- **Dataset content**
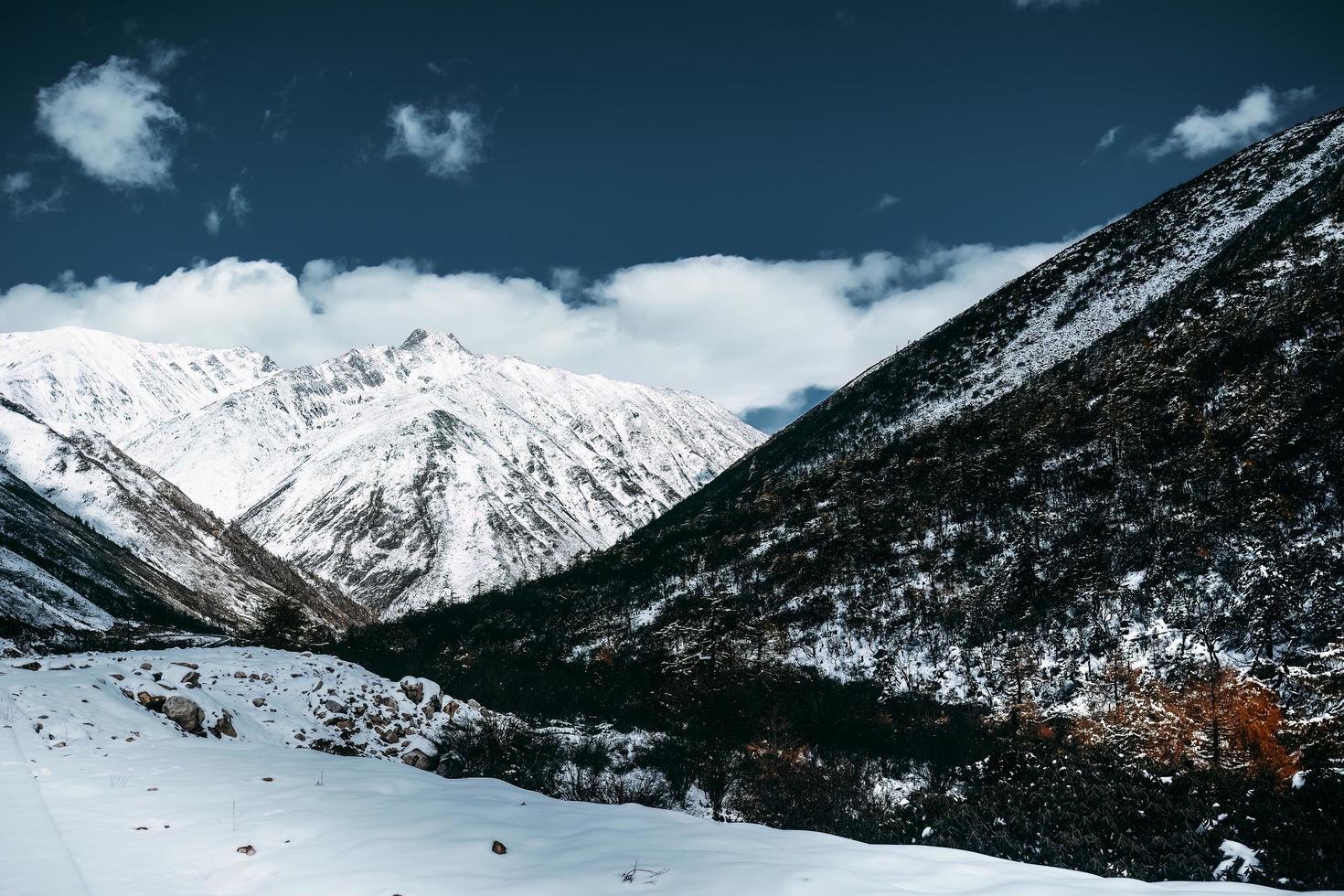 spectaculaire paysage dans le haute montagnes de occidental Sichuan, Chine, avec différent saisons photo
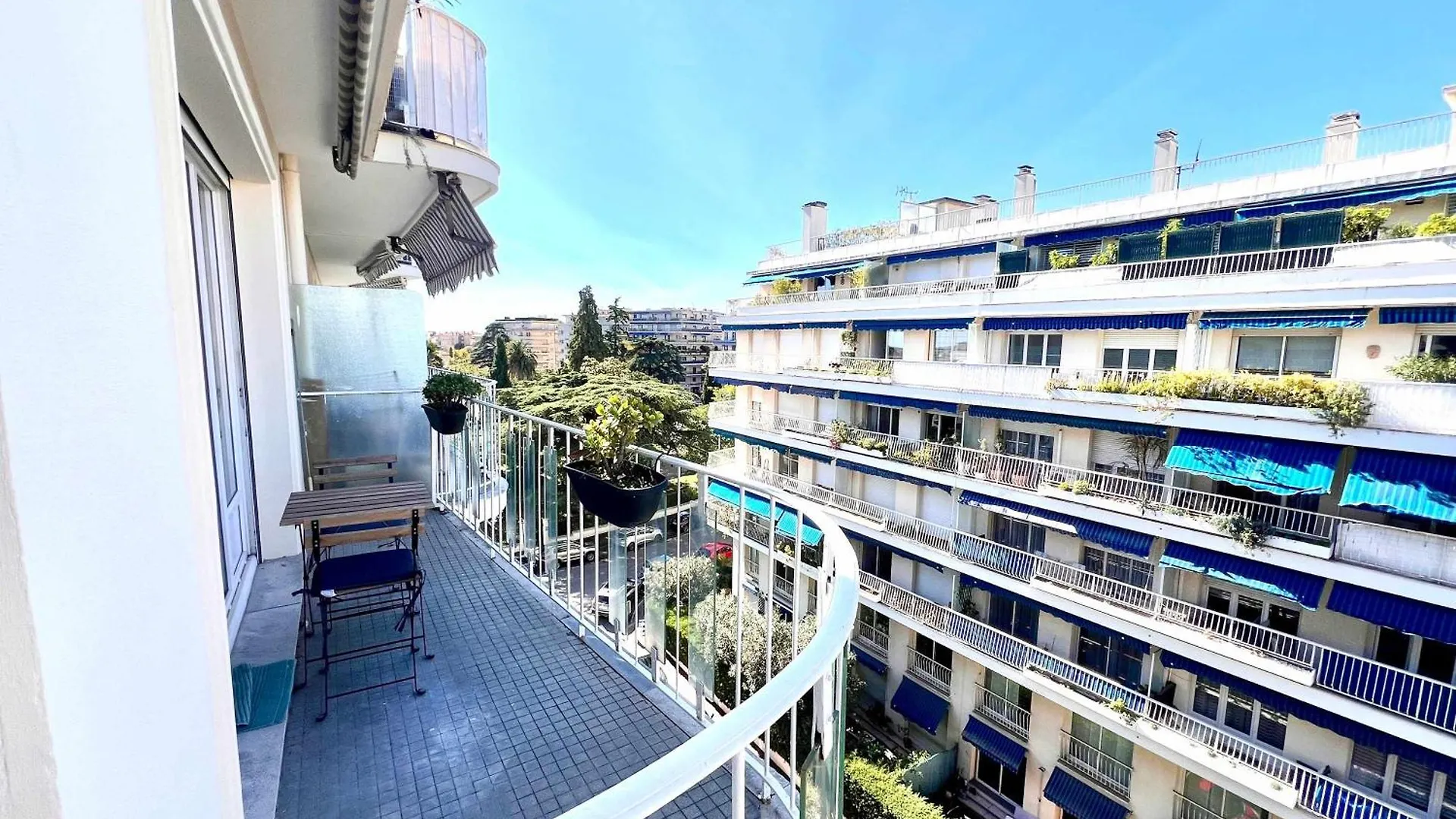 B030 Grand Studio Renove Spacieux Et Lumineux Le Cannet Apartament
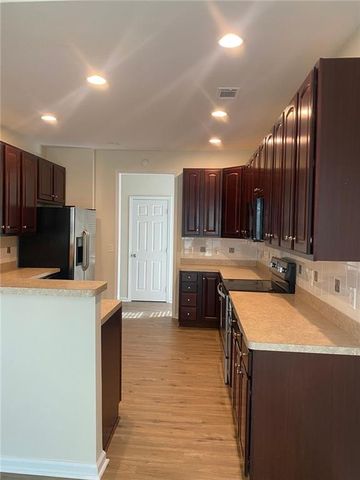 539 GREYHAWK Way, Fairburn, GA 30213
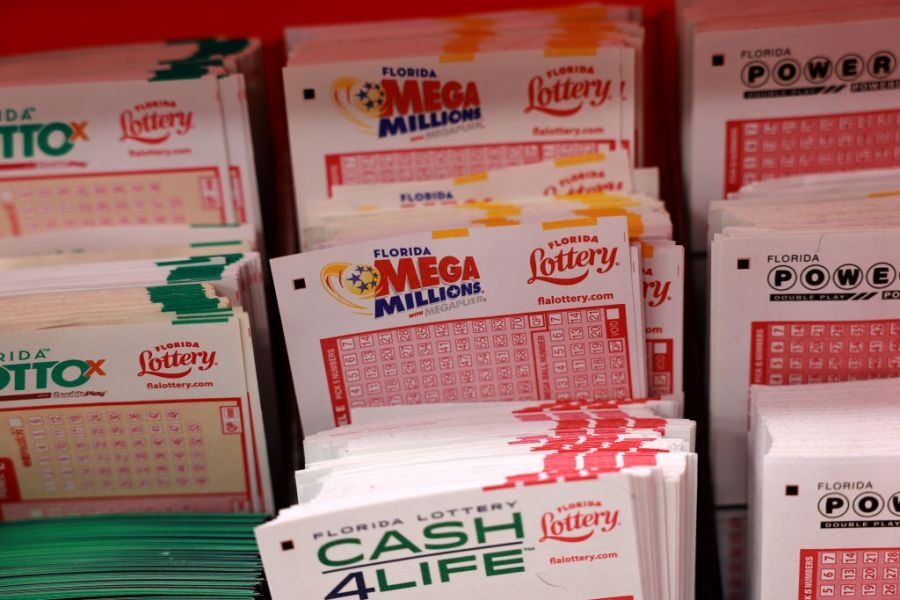 Florida man wins $1,000 a day for life after buying lottery ticket at Publix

- **What this task involves**
The listing above must be restated word for word. Its pictures are to be left out.

- **Your solution**
 spectaculaire paysage dans le haute montagnes de occidental Sichuan, Chine, avec différent saisons photo
 B030 Grand Studio Renove Spacieux Et Lumineux Le Cannet Apartament
 539 GREYHAWK Way, Fairburn, GA 30213
 Florida man wins $1,000 a day for life after buying lottery ticket at Publix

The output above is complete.